Ces séances de tortures avaient toujours lieu un jeudi, car c’était le jour où il n’y avait pas d’école et se déroulaient dans une grande salle de l’ancienne Mairie de Guiscriff , sous les combles. Il règnait une chaleur suffocante sous les toits. Au fond de la salle, un médecin à la mine rogue officiait machinalement. Une infirmière qui servait aussi de Secrétaire (ou l’inverse) accueillait ce public spécial et notait le nom des arrivants. Il y avait foule dans les couloirs de l’ancienne Mairie. Généralement, les enfants arrivaient en tremblant, certains que le Docteur allait les faire souffrir, mais prenaient place dans les rangs sans trop d’histoire.L’attente était longue et nous restions debout  en attendant notre tour pendant une heure ou deux. Tout à coup, un hurlement s’élevait. Un enfant moins courageux que les autres n’avait pas supporté l’immense douleur infligée par les bourreaux venus de la ville et voila que les uns après les autres, tous les enfants éclataient en sanglots bruyants et en cris d’orfraies. C’était un concert insoutenable et le médecin avait bien du mal à garder son calme. Les Parents ne savaient plus comment calmer leur progéniture. C’était l’enfer !

Lorsque mon tour venait, je pleurais comme les autres et parfois plus que les autres.
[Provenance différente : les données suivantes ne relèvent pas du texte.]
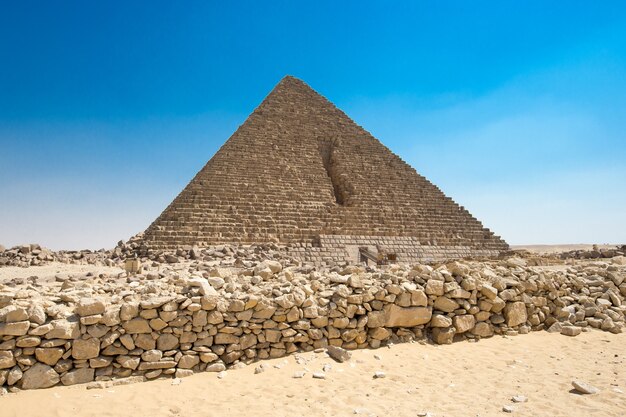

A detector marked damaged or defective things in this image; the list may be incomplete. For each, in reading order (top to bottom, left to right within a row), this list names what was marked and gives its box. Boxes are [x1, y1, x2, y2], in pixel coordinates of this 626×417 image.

damaged section of pyramid [140, 75, 508, 260]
Il fallait me dévêtir  l’épaule et le bras gauche (il en allait ainsi pour tout le monde), puis l’infirmière désinfectait sommairement l’endroit prévu pour la piqûre et immédiatement, le médecin injectait le vaccin ou scarifiait le bras . Bien sûr, l’injection était parfois un peu douloureuse, mais pas au point de pleurer pendant deux heures d’affilée et j’étais toute étonnée que ce soit déja fini. Comme j’étais lente, on m’envoyait me rhabiller un peu plus loin dans la salle . Entre deux restes de sanglots , je me mouchais bruyamment et je reniflais à faire pitié.  Je m’habillais du mieux que je pouvais, c’est à dire de travers en général, puis  Mémé et moi nous sortions de la Mairie avec quelques camarades d’infortune et leurs Parents épuisés et nous revenions à petits pas vers la maison. J’avais droit à un goûter copieux pour compenser l’énergie déployée à hurler avant d’avoir mal. Je savais déja que, le lendemain dans la cour de l’école, j’allais pouvoir raconter cette aventure à ceux qui avaient échappé à la séance de vaccination.
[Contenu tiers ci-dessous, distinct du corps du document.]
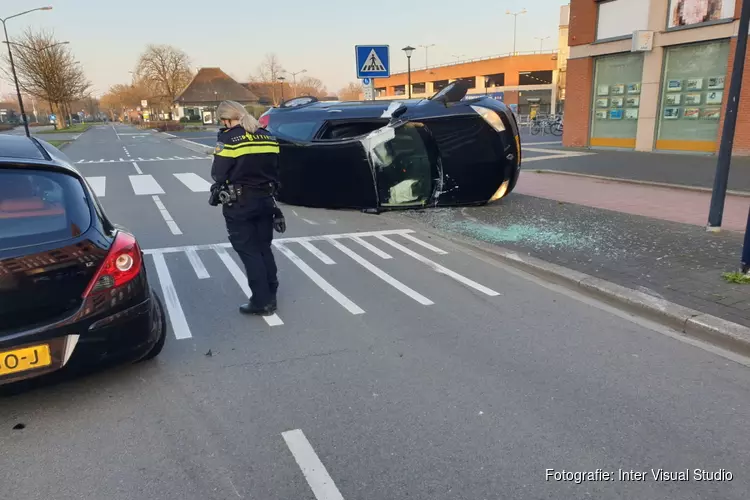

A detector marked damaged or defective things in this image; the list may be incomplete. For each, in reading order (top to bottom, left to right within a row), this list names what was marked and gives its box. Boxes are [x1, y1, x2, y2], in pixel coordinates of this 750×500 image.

overturned black car [260, 81, 524, 210]
shattered window glass [370, 122, 434, 206]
Il y avait aussi le médecin scolaire qui passait à l’école une fois tous les deux ou trois ans. Lui non plus, je ne l’aimais pas. Il me vexait chaque année par ses questions incongrues. « Manges-tu à ta faim? », « vas-tu te décider à grossir un peu? » son commentaire final me traitant de « petit gabarit » était insupportable…Lui aussi me renvoyait en classe à demi vêtue sous prétexte que j’étais trop lente à m’habiller. Les grands riaient de me voir ennuyée et mon amour-propre en souffrait. Même la Maîtresse ne venait pas à mon secours et j’en voulais au monde entier !
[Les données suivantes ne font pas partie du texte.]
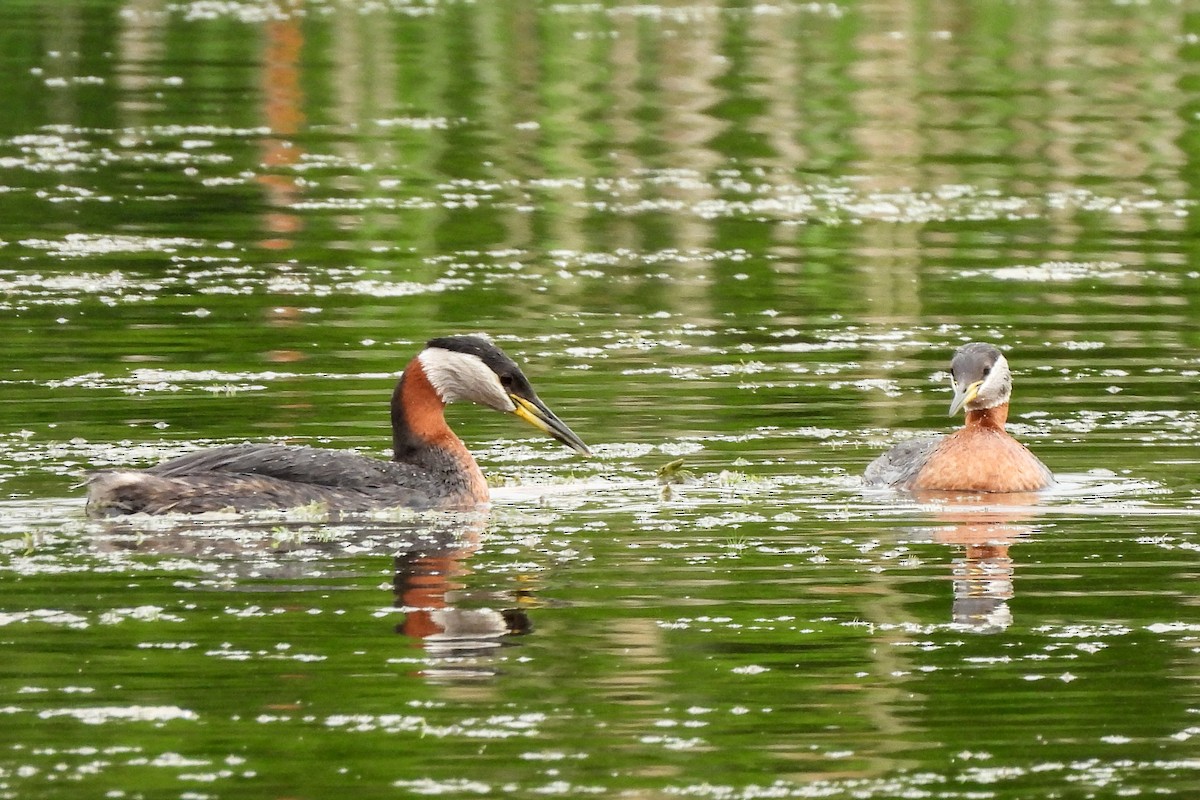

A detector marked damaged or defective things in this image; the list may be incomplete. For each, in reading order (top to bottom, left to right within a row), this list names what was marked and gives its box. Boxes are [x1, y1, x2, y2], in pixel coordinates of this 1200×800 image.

reflection of rust neck [964, 400, 1003, 431]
Depuis ce jour, j’ai dû consulter bien d’autres médecins, hélas ! mais je ne vais les voir que contrainte et forcée. J’ai appris à m’habiller rapidement, heureusement pour moi, mais je vais les voir « à reculons », comme s’ils m’attendaient pour expérimenter leur dernière invention. Je n’ose plus pleurer bruyamment comme autrefois, et pourtant…comme ça m’aurait fait du bien de m’extérioriser ainsi en certaines circonstances !….

Les rues de Guiscriff et ses habitants dans les années ’50

Debout sur le seuil de sa maison, Rose contemplait le carrefour de la route du Saint et de la route de la gare.. Sa mise était assez négligée et sa conversation assez limitée. Lorsque nous passions à portée de voix, Rose nous disait « ah, vous êtes là! quand est-ce que vous partez ? ». Rose avait été la « bonne amie » de mon grand -père du temps de leur jeunesse et Joseph ne refusait jamais de rendre de menus services à Rose, sachant qu’elle lui réservait toujours une bonne bouteille pour le récompenser de ses efforts. Et puis, le neveu de Rose, Joseph, avait été le chevalier servant de Marie-Jeanne  quelques années plus tard et Rose se sentait donc un peu de la famille. Elle recherchait notre compagnie, mais nous ne savions pas trop quoi lui dire et, en aparté, nous nous moquions gentiment de son accent breton traînant et de sa coiffe souvent posée de travers.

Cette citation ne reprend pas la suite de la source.